Adaptations of multimodal content in dialog systems targeting heterogeneous devices

Dialog systems that adapt to different user needs and preferences appropriately have been shown to achieve higher levels of user satisfaction [4]. However, it is also important that dialog systems be able to adapt to the user's computing environment, because people are able to access computer systems using different kinds of devices such as desktop computers, personal digital assistants, and cellular telephones. Each of these devices has a distinct set of physical capabilities, as well as a distinct set of functions for which it is typically used. Existing research on adaptation in both hypermedia and dialog systems has focused on how to customize content based on user models [2, 4] and interaction history. Some researchers have also investigated device-centered adaptations that range from low-level adaptations such as conversion of multimedia objects [6] (e.g., video to images, audio to text, image size reduction) to higher-level adaptations based on multimedia document models [1] and frameworks for combining output modalities [3, 5]. However, to my knowledge, no work has been done on integrating and coordinating both types of adaptation interdependently. The primary problem I would like to address in this thesis is how multimodal dialog systems can adapt their content and style of interaction, taking the user, the device, and the dependency between them into account. Two main aspects of adaptability that my thesis considers are: (1) adaptability in content presentation and communication and (2) adaptability in computational strategies used to achieve system's and user's goals.
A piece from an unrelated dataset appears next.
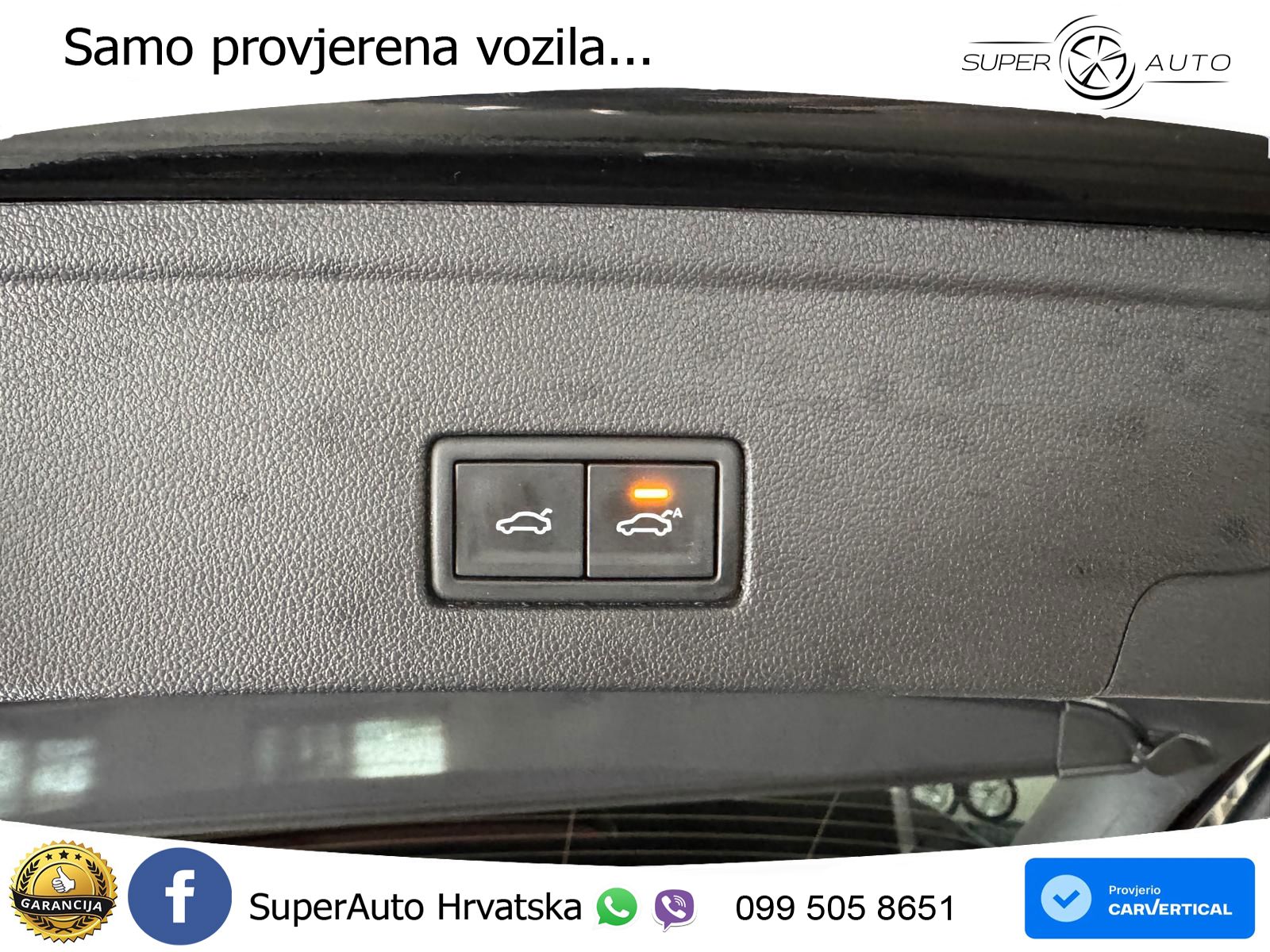 Volkswagen Touareg 3.0 V6 TDI (231 KS) 4MOTION Tiptronic R-Line LED+GR SJED+ACC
Beside general user modeling questions such as how to acquire information about the user and construct a user model, this thesis also considers other issues that deal with device modeling such as (1) how can the system employ user and device models to adapt the content and determine the right combination of modalities effectively? (2) how can the system determine the right combination of multimodal contents that best suits the device? (3) how can one model the characteristics and constraints of devices? and (4) is it possible to generalize device models based on modalities rather than on their typical categories or physical appearance.